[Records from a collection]
★ ★ ★ ★ ★

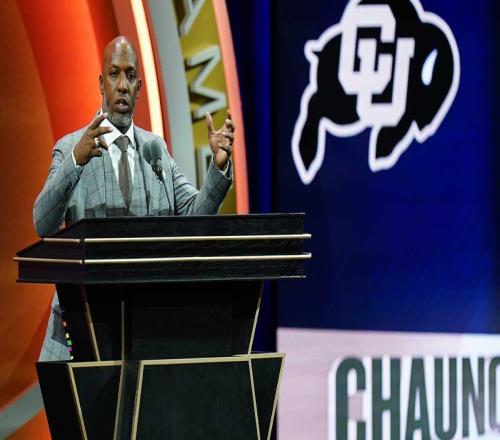 开拓者主帅比卢普斯拒认有罪：愿用28年生涯证清白，11月纽约受审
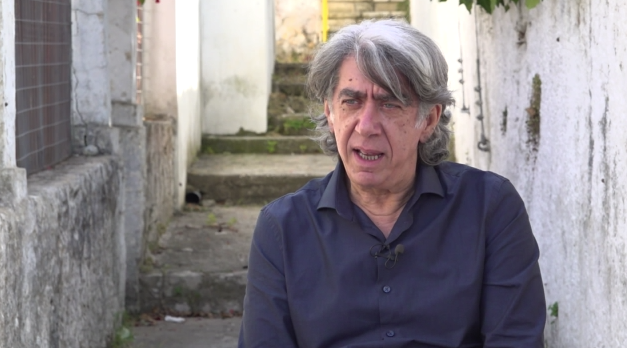 sygklonistiki-katathesi-agapimenoy-ellina-ithopoioy-amp-8220-papas-mpike-spiti-gia-tin-kideia-toy-patera-moy-amp-038-parenochlise-tin-adelfi-moy-amp-8221-284094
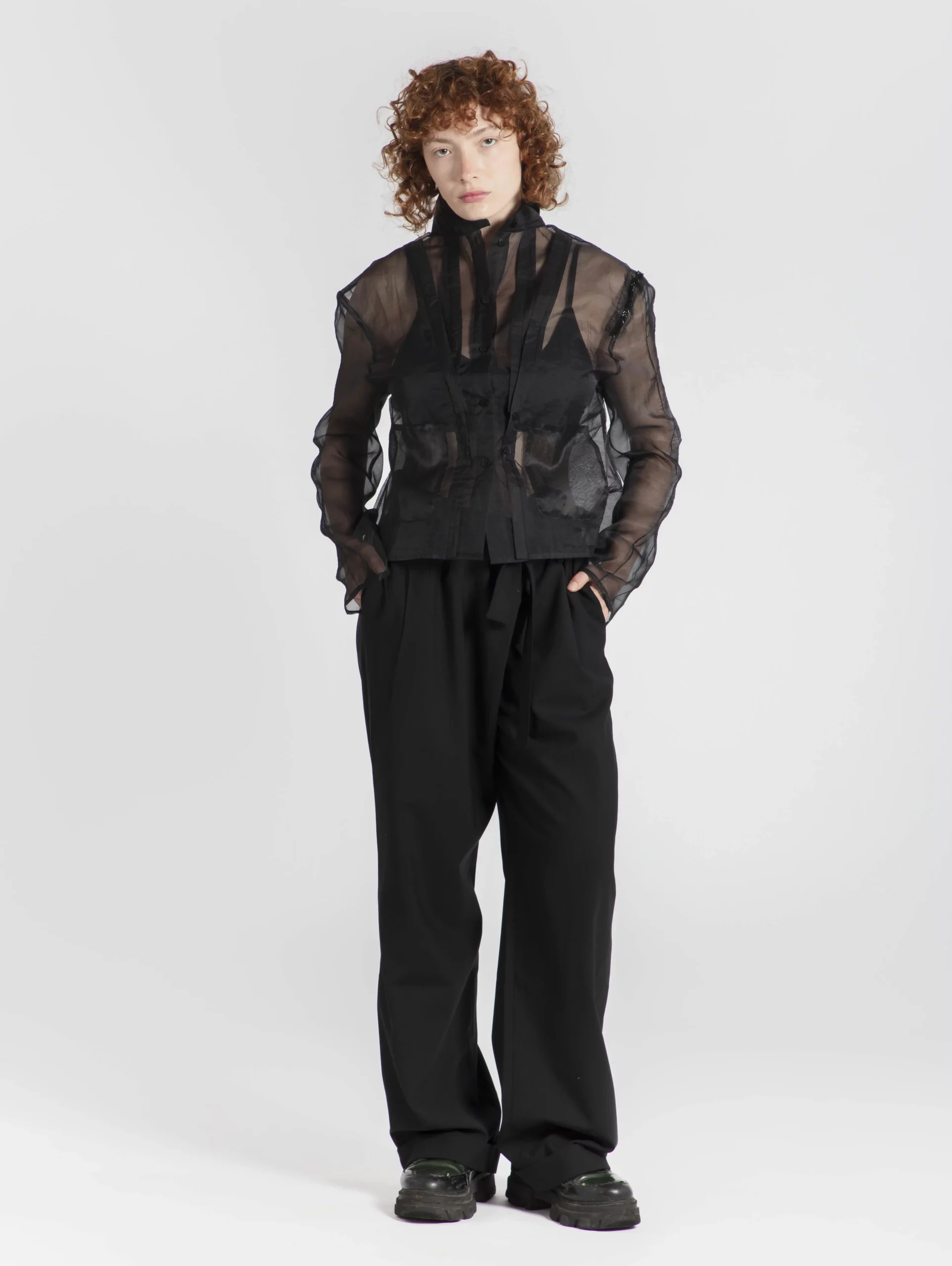 chemise-femme-mononoke-transparent-manche-longue-avec-poche-createur-japonais-organza-noir-face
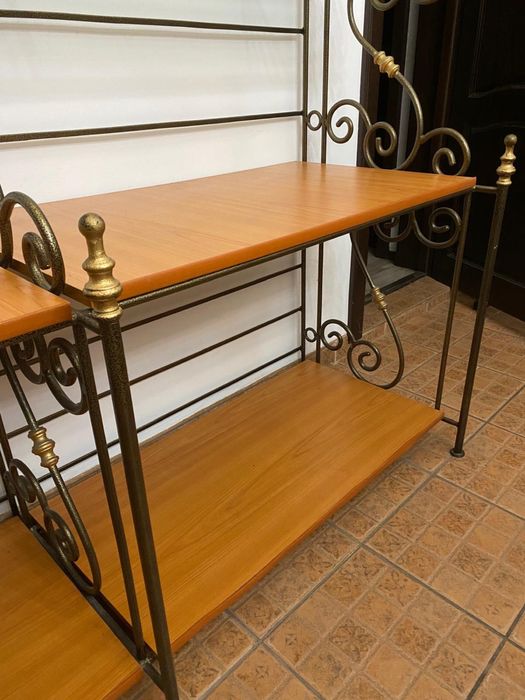 Vand rafturi magazin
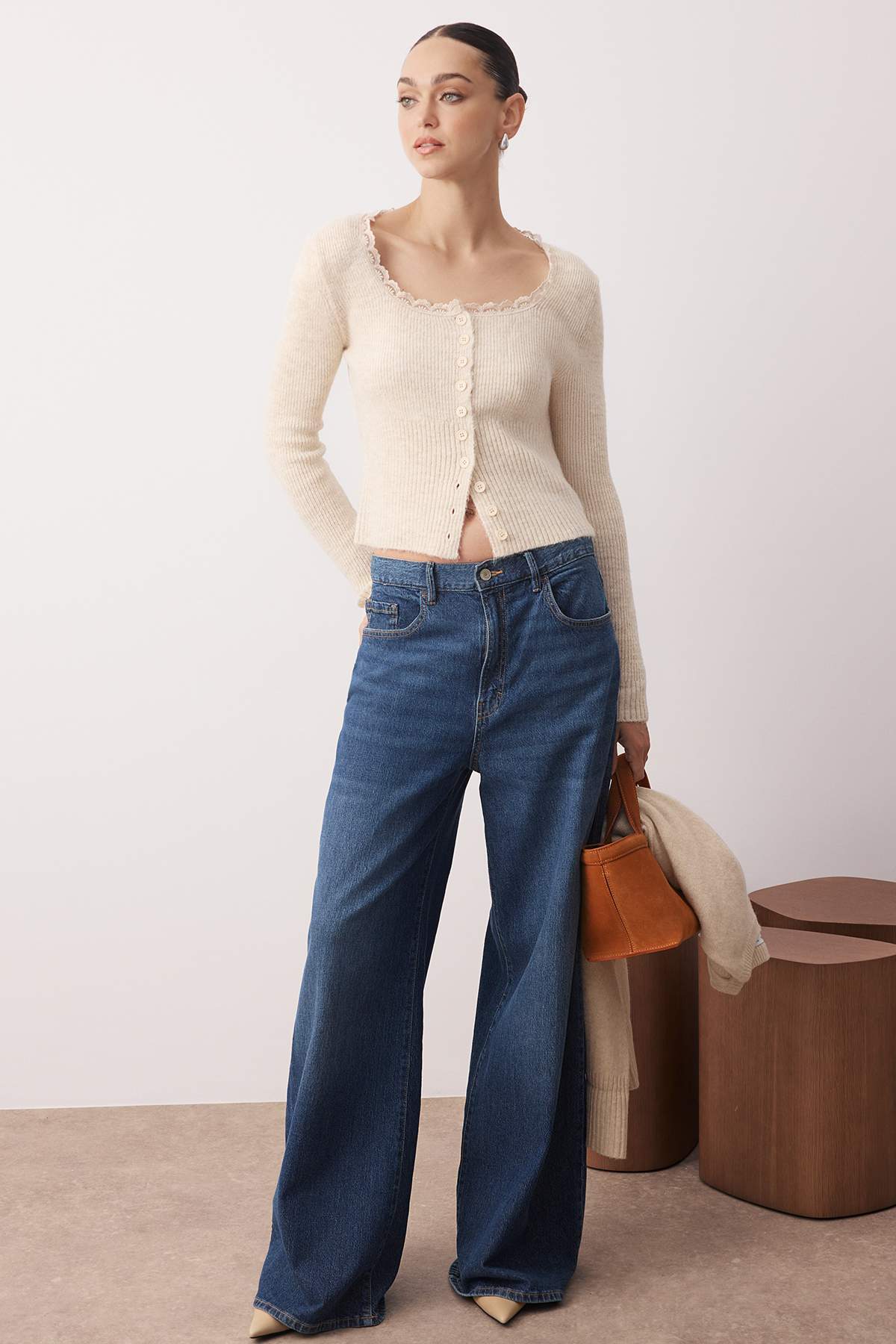 Trendyolmilla  Taş Crop Dantel Garnili Kare Yaka Yumuşak Dokulu Fitted/Vücudu Saran Triko Hırka TWOAW26HI00061 - Görsel 3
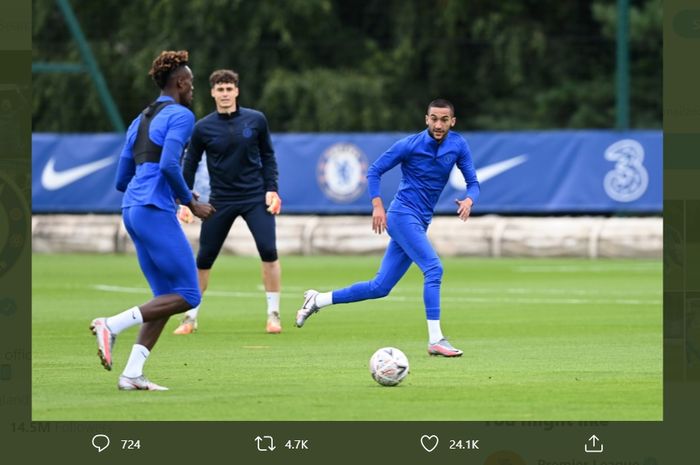 Winger asal Maroko, Hakim Ziyech, menjalani latihan bersama rekan satu timnya di Chelsea.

★ ★ ★ ★ ★

Starting at the line that contains "Vand rafturi magazin", return every line through the end of the records above exactly as written, and return no pictures.

 Vand rafturi magazin
 Trendyolmilla  Taş Crop Dantel Garnili Kare Yaka Yumuşak Dokulu Fitted/Vücudu Saran Triko Hırka TWOAW26HI00061 - Görsel 3
 Winger asal Maroko, Hakim Ziyech, menjalani latihan bersama rekan satu timnya di Chelsea.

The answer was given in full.